18

Simple question, I'm asking just to make sure.

A Google sitemap generator generated a sitemap.txt fle with links written like this:

http://www.domain.com/category.htm?name=some-name&cat_id=8

is it correct to use the & in these links in place of the & or it's just an error made by the sitemap generator?

Thanks.

5 Answers 5

11

That is correct. It is the HTML entity for an ampersand (&) and is the proper character representation of it in a properly encoded URL. Ampersands (&) and well as < and > are special characters in XML and HTML and need to be displayed using their special character entities.

4
  • Are you sure all ampersands have to be entity-escaped? I thought that was only for those separating parameters in query strings. I've always escaped ampersands within file or folder names or in the parameters themselves using percent-encoding (%26): e.g. http://foo/a%26r.php?foo=1&amp;genre=r%26b Commented Oct 21, 2010 at 19:37
  • I'm not sure about percent-encoding is valid or not so I can't say for sure.
    – John Conde
    Commented Oct 21, 2010 at 19:48
  • @Lèse - because it's an XML document it has to be escaped, unless you use a CDATA node (just noticed that bdadam said the same thing, but much earlier than me) Commented Oct 26, 2010 at 20:30
  • > don't strictly need to be entity encoded in XML.
    – MrWhite
    Commented Feb 20, 2014 at 12:57
6

Your Sitemap file must be UTF-8 encoded (you can generally do this when you save the file). As with all XML files, any data values (including URLs) must use entity escape codes for the characters.

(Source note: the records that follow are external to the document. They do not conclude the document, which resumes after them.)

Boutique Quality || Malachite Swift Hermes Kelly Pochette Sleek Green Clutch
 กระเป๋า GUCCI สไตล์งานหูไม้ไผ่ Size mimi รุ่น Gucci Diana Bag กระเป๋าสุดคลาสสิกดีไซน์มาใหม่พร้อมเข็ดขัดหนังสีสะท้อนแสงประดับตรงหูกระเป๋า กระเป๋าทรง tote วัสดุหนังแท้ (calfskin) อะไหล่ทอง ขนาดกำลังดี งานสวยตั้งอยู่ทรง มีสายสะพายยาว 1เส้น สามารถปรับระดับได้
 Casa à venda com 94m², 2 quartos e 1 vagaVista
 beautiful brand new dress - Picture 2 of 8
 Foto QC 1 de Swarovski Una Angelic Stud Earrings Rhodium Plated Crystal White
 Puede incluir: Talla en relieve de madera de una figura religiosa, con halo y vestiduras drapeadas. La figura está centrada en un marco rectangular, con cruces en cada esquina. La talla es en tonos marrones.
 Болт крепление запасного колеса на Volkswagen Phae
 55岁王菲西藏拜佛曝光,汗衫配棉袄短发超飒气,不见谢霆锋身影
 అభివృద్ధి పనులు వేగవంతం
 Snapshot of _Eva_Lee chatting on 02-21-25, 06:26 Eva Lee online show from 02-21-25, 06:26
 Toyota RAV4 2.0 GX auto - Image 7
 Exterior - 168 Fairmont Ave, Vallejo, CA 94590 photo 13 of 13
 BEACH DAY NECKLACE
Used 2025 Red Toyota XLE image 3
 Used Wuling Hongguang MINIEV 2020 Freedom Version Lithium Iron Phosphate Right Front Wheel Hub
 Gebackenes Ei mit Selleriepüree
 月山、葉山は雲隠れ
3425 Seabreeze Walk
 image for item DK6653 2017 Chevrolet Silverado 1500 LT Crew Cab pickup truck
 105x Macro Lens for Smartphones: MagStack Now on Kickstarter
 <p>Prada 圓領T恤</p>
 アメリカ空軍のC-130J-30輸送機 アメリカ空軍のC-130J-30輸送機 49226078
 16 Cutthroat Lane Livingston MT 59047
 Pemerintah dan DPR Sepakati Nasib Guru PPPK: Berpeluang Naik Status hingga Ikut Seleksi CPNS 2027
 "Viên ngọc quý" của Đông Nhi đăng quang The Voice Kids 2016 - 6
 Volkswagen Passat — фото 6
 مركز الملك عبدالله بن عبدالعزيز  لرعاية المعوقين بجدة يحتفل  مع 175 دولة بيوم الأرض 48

This may help out, http://sitemaps.org/protocol.php

1
  • Unfortunately, this link is now dead.
    – mtness
    Commented Nov 14, 2018 at 12:42
2

You can also convince yourself by checking

You can't really argue against the official xml sitemaps protocol page :)

2

Google rejects the sitemap as broken if it has a & character in an URL. It accepts it when you replace & with &amp;

BUT: if you later check the list of crawling errors in the Google webmasters tool, it will report this URL of the sitemap file as broken, because it contains &amp; instead of &.

Thus the correct solution is to change the URL such that it does not contain &. Or report this as bug to Google.

1

URL-Encoding and XML entity encoding are not the same things. You need URL-Encoding to replace special characters in URLs, such as & which can only be used for the separation of query parameters. XML entity encoding is for encoding special characters in XML (also XHTML). This means, if you have a URL in an XML (or XHTML) file, and this URL includes some & characters, you have to entity encode it to &amp;. So in a sitemap.xml you will have urls like in the question from Marco Demaio.